ISLAMABAD: Saudi Arabia on Wednesday said it was committed to peace between Israel and Palestine on the basis of the Arab Peace Initiative, a proposal that was first endorsed by the Arab League in 2002 and required the Jewish state to withdraw to pre-June 1967 borders.
Addressing a news conference in Berlin, Saudi Foreign Minister Prince Faisal bin Farhan said the Kingdom considered “Israel’s unilateral policies of annexation and building settlements as illegitimate and detrimental to the two-state solution.”
The comment was made just a few days after Israel and the United Arab Emirates announced a normalization process under a US-brokered peace deal.

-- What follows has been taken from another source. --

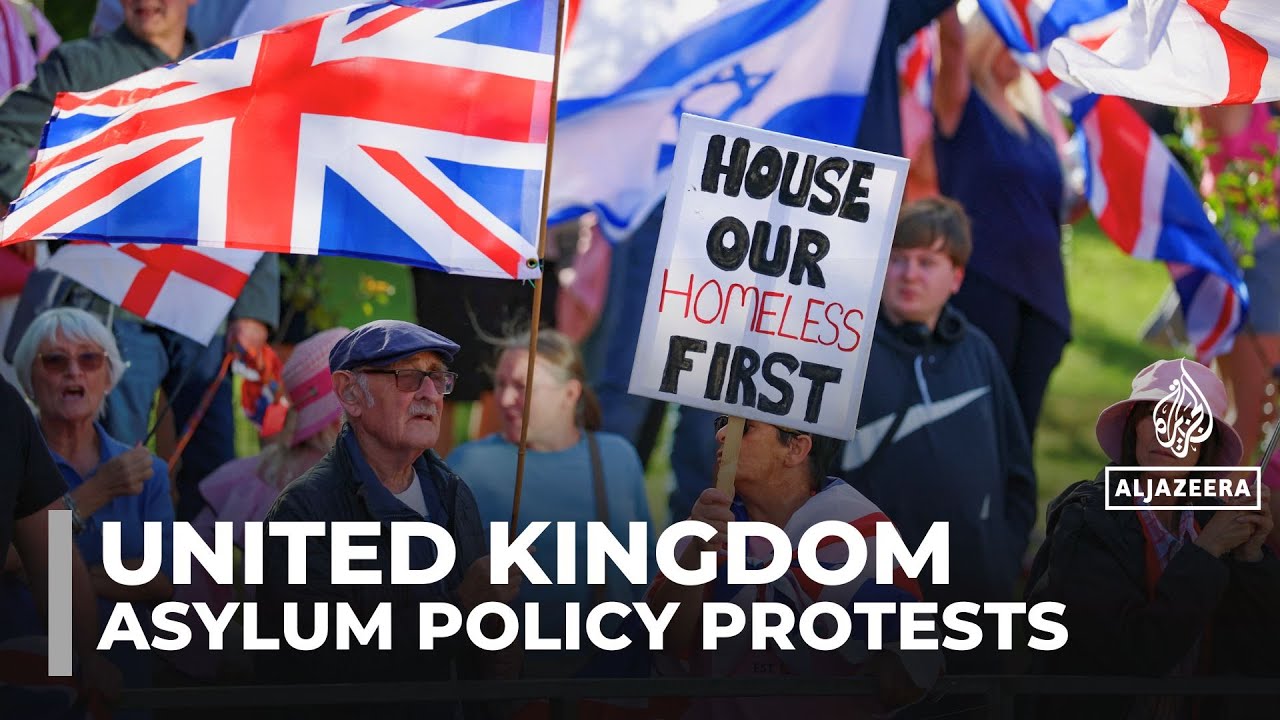 Протестующие против иммиграции и расизма схлестнулись возле британских отелей, где размещаются пр...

The Saudi foreign minister emphasized the necessity of implementing international agreements to help achieve peace for the people of Palestine, describing it as the precondition to normal diplomatic dealings with Israel.
“Once that is achieved all things are possible,” Prince Farhan said.
United States President Donald Trump’s son-in-law Jared Kushner claimed on Monday it would be in Saudi Arabia's interest to develop formal ties with Israel. He insisted that the diplomatic opening between the two countries would also benefit the people of Palestine.
It may be recalled that the Arab Peace Initiative was dismissed by former Israeli Prime Minister Ariel Sharon shortly after its announcement.
While some leaders of the Jewish state claimed that they were open to the conflict resolution mechanism suggested in the peace proposal, their country never stopped building settlements in the occupied Palestinian territories.